Nina Li Coomes, The Atlantic
“Jennette kadar ünlü olan ya da onun kadar ciddi boyutta istismara uğramış çok fazla insan yoktur ama anlattıkları yoksulluk çekmiş, travmalar yaşamış herkese tanıdık gelecektir. Babanızın çalıştığı mağazada çalışan indiriminden yararlanmak, anne baba arasındaki bağırış çağırışları dinlemek, alacaklıların telefonlarına çıkmamak… Milyonlarca Amerikalı için çocukluk böyle bir şey.
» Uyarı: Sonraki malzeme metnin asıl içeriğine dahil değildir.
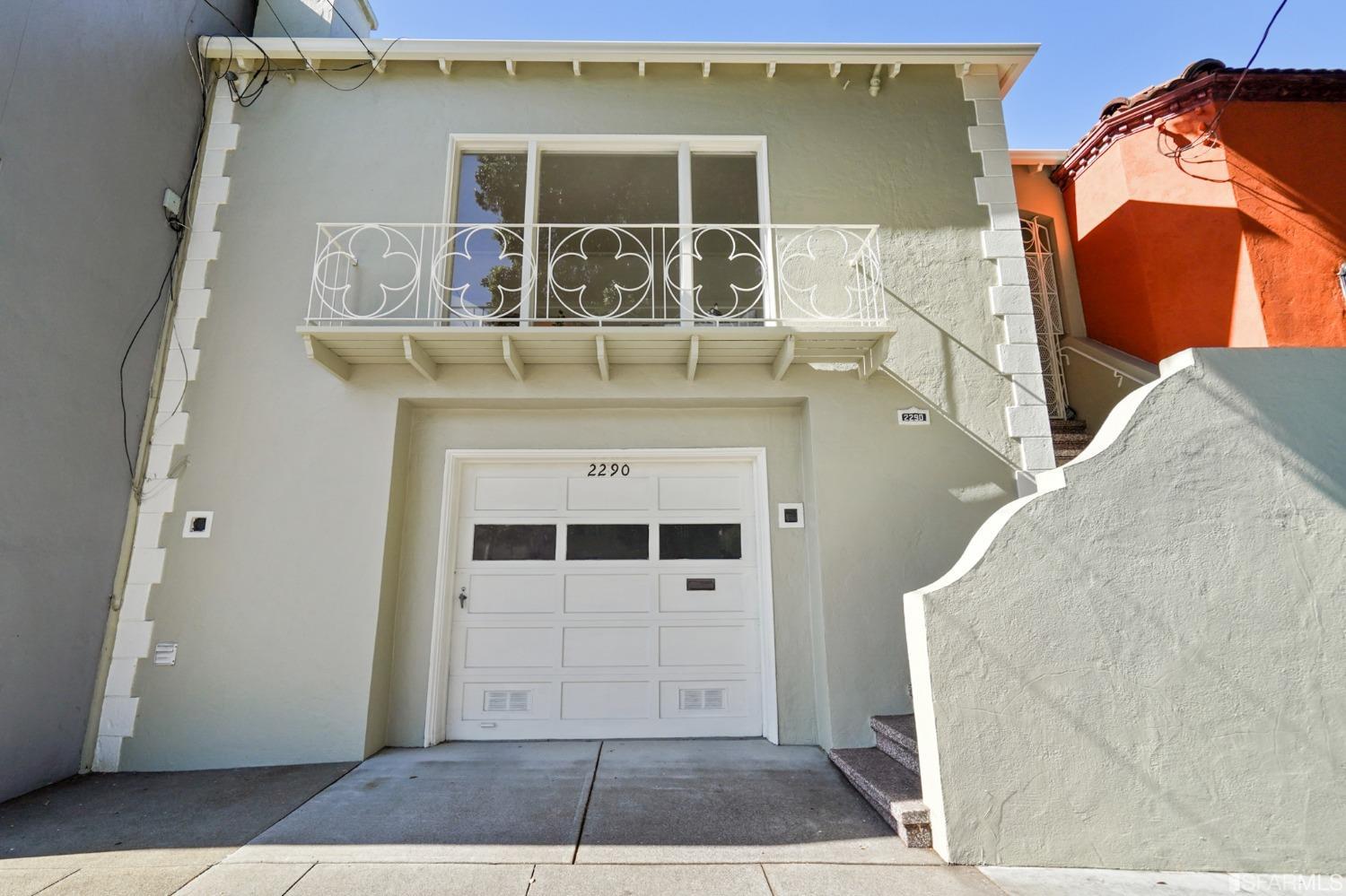 2290 Alemany Boulevard San Francisco, CA 94112 - Photo 8 of 45 a view of a house with entrance gate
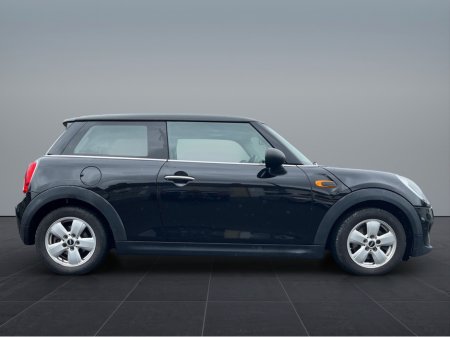 2015 MINI Hatch ONEDHATCH D XN12 2DR ONE €6,950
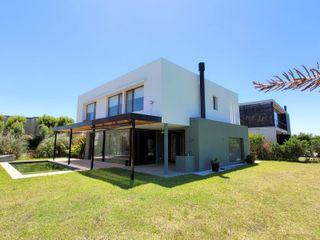 Foto 1 de Barbarita | VENTA | Casa moderna de 4 dorm, escritorio y dependencia en lote cercano a la entrada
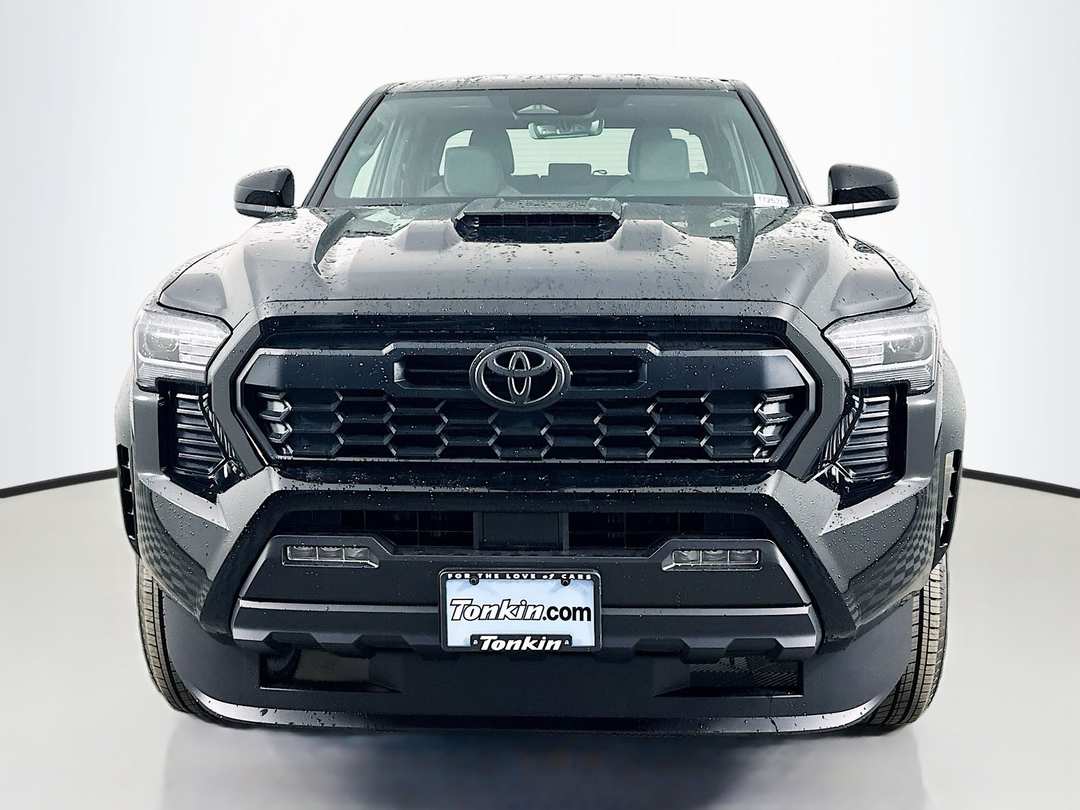 2025 Toyota Tacoma TRD Sport - Image 2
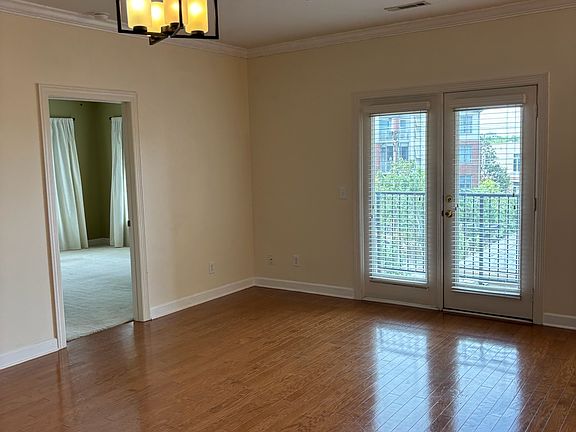2nd image of 116 31st Ave N APT 301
Pek çok kişi gibi ben de McCurdy’nin kelimelerinde kendimi buldum.”
Sabrina Cartan, Slate
“Sarsıcı… Bu yılın en samimi kitabı… Annemin Öldüğüne Sevindim beni hem güldürdü hem ağlattı. Çok komik, karanlık, dokunaklı, dürüst, gerçek, sansürsüz bir kitap ve daha önce okuduğum hiçbir şeye benzemiyor.”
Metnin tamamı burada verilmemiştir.